Capping off the week so far had been February’s trade numbers from China that saw a sharp downturn, pulling Asia markets along with it. The attempt to dismiss the weaker showing as the Lunar New Year effect had so far been futile in light of the extent this downturn had taken. While US’ February payrolls figures have yet to be released at the point of writing, the fear is that a strong showing may instead be inducing worries of further hikes in an environment of delicate growth.
Amid all the growth concerns, the last thing we may perhaps be needing at this point of time will be further political noise surrounding Brexit. The UK parliament is expected to vote on Prime Minister Theresa May’s draft deal on Tuesday, March 21 with revisions being sought following the earlier rejection. A failure, which may be the likely scenario, would see to a vote on a no deal the next day. Earlier indicative polls have pointed to a slim margin for the vote against a no-deal Brexit to emerge victorious. This would be where the risks exist as a no-deal Brexit scenario certainly presents itself with significant plausibility. Given the proximity to the March 29 deadline, the ruling out of a no-deal Brexit would then mean the UK parliament would also have to vote on a delay to the deadline to allow for the establishment of a deal, expected to take place on Thursday. Note with the last vote next week, there likewise exists the potential for market disappointment is an extension is not being favoured as the possibility of a no-deal Brexit heightens.
Altogether, it could make a rough week for the UK and eurozone alike as Brexit warnings from the likes of central bankers resound in our ears. The direct impact will be upon the GBP/USD with price still oscillating no-man’s land at around 1.30 when last checked, caught between the two poles of a hard Brexit and no Brexit. The trickle-down effect for Asia markets if a no-deal Brexit becomes a plausibility relates back to growth after being trodden down by the series of updates this week.

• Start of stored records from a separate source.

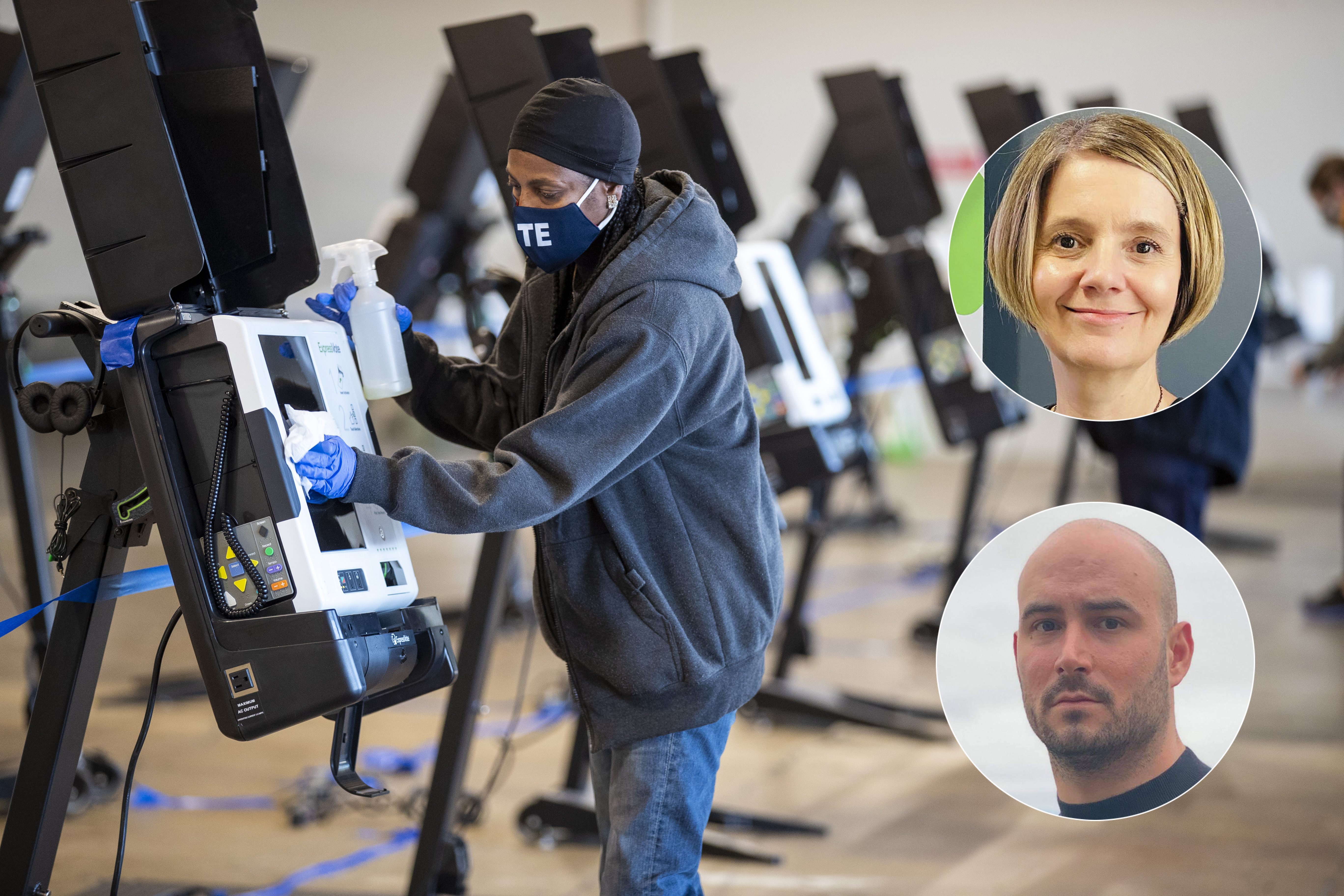 Election Day voting 2020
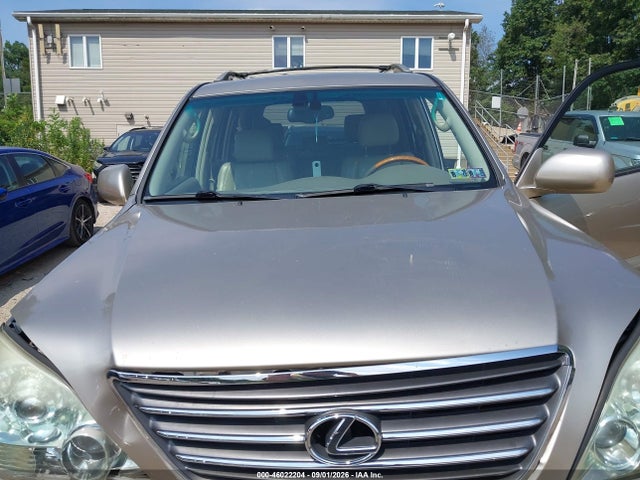Продаж на аукціоні авто 2005 Lexus Gx 470, vin: JTJBT20X750088526, номер лоту: 46022204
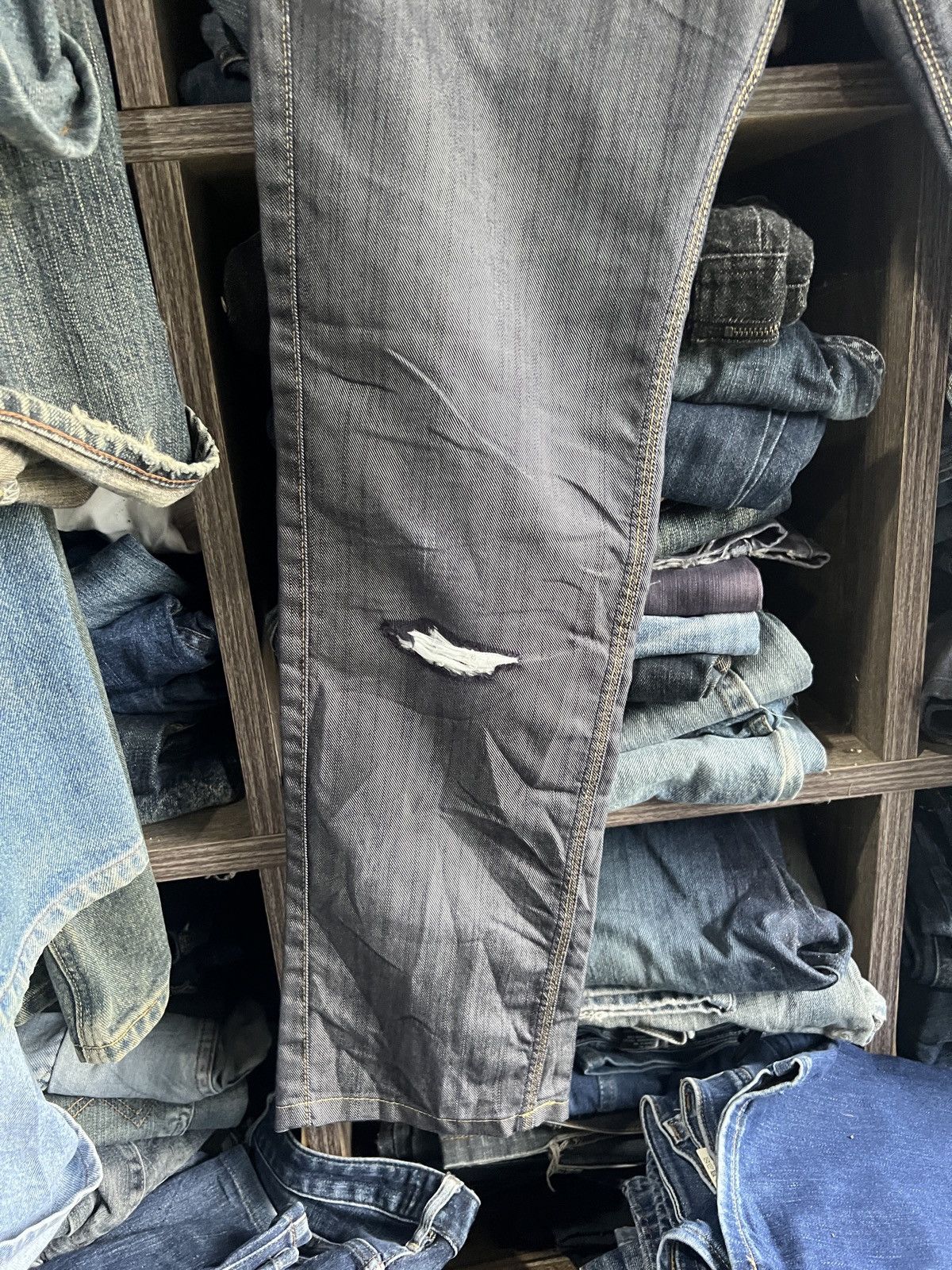 Nicole Club 🔥Nicole Club For Men Bondage Denim Size US 31 - 7 Thumbnail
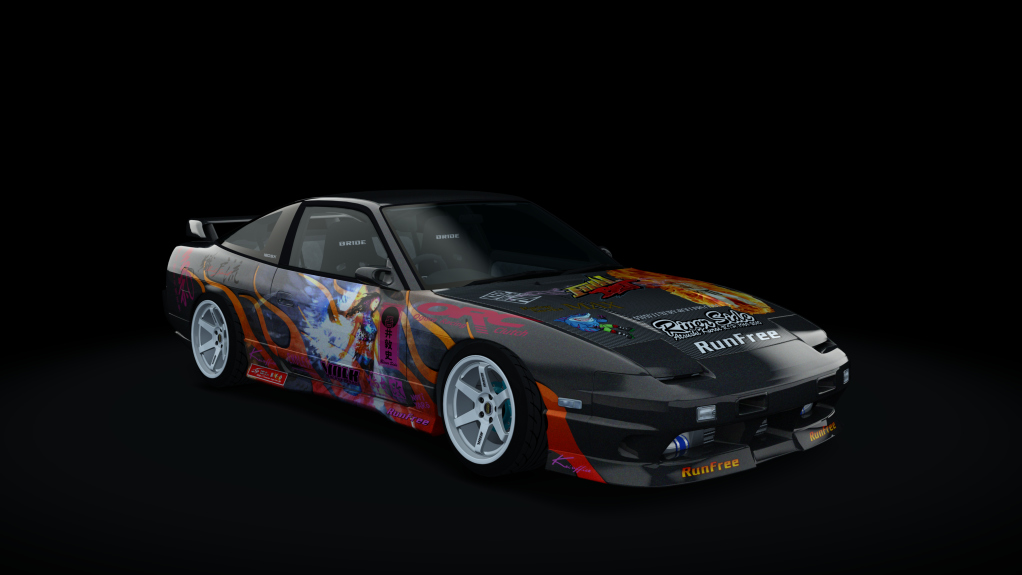 HOTHEADDRAG Nissan 180SX 275, skin LR_7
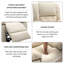 Lizelle Upholstered Heated Massage Chair-1734707276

Further updates on economic activity would likely be scrutinized with the same amount of intensity next week, particularly those from China. The combined year-to-date January and February industrial production, retail sales and fixed asset investments will be released on Thursday with the current prognosis mixed. Industrial production and retail sales are expected to be slightly weaker at 5.5% year-on-year (YoY) and 8.1% YoY respectively. FAI may instead pick up slightly to 6.0% according to consensus. Weak leading indicators, however, sets the data up for the possibility to disappoint, one to watch into the end of the week.
Notably, the Bank of Japan (BoJ) meeting will also conclude on Friday with dovishness expected to be retained. The question will be to what extent amid the growing sense of further support is expected from the BoJ’s limited toolbox. One to watch.